WHAT YOU HAVE TO DO
The listing is to be repeated exactly, and its pictures are to be left out.

SUPPLIED MATERIAL
···

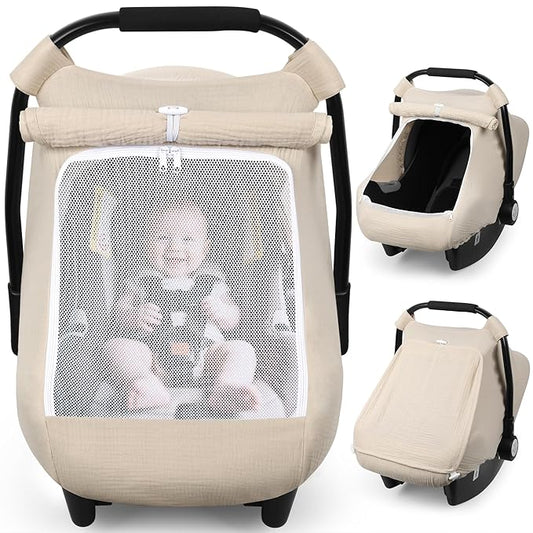 Rquite Car Seat Cover Baby, Carseat Covers Girl Boy, Breathable Muslin Cotton, Large Mesh Window, Infant Car Seat Canopy Baby Carrier Cover Stroller Sun Shade for Summer & Hot Day, Beige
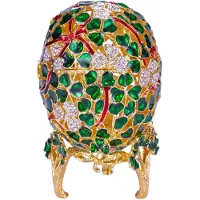 Danila-Souvenirs Faberge-stijl Klaverblad gesneden ei-klaverklaver juwelendoos juwelenkistje 9,5 cm groen
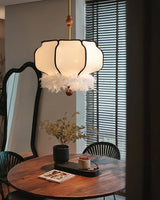 Elegant Feathered Lantern Pendant Light with Organic Curves and Walnut Finish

···

RESULT OF THE TASK
 Rquite Car Seat Cover Baby, Carseat Covers Girl Boy, Breathable Muslin Cotton, Large Mesh Window, Infant Car Seat Canopy Baby Carrier Cover Stroller Sun Shade for Summer & Hot Day, Beige
 Danila-Souvenirs Faberge-stijl Klaverblad gesneden ei-klaverklaver juwelendoos juwelenkistje 9,5 cm groen
 Elegant Feathered Lantern Pendant Light with Organic Curves and Walnut Finish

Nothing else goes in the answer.